◆ **Work to be completed**: For this exercise, reproduce the records exactly as they stand and do not carry any images over.

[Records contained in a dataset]

**********

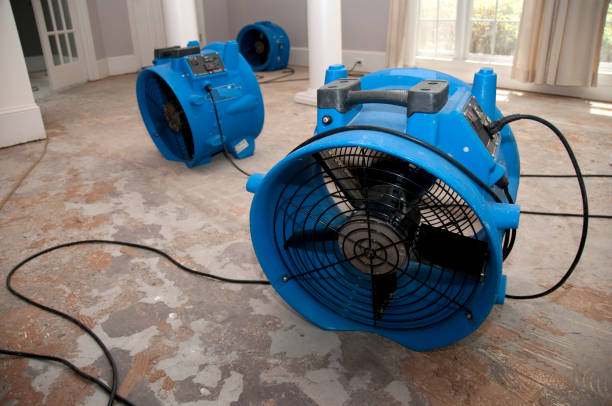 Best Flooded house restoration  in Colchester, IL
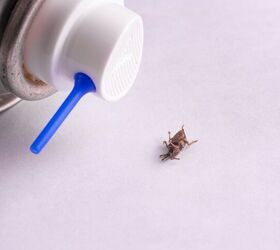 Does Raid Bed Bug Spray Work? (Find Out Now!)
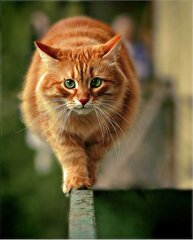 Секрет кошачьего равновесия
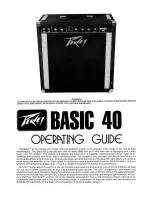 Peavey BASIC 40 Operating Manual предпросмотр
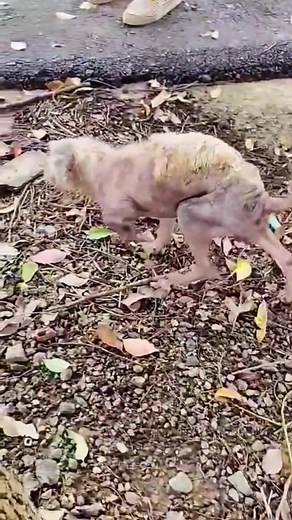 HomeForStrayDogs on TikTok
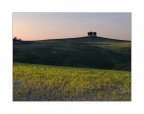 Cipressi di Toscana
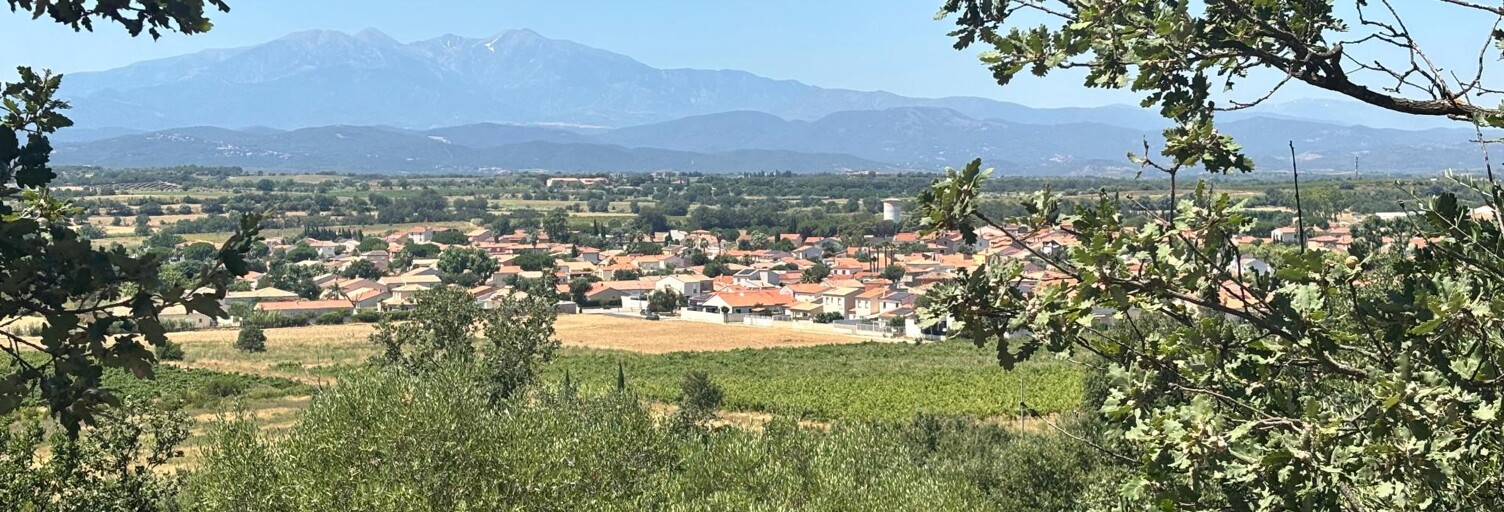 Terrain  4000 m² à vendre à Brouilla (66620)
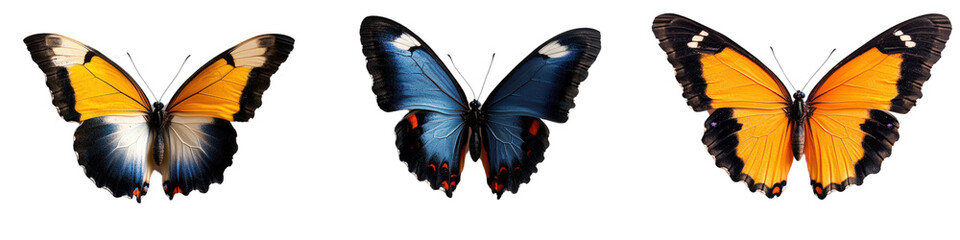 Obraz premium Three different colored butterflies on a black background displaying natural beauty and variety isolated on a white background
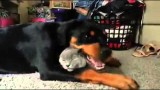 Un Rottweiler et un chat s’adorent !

**********

◆ **Answer for the task**:
 Best Flooded house restoration  in Colchester, IL
 Does Raid Bed Bug Spray Work? (Find Out Now!)
 Секрет кошачьего равновесия
 Peavey BASIC 40 Operating Manual предпросмотр
 HomeForStrayDogs on TikTok
 Cipressi di Toscana
 Terrain  4000 m² à vendre à Brouilla (66620)
 Obraz premium Three different colored butterflies on a black background displaying natural beauty and variety isolated on a white background
 Un Rottweiler et un chat s’adorent !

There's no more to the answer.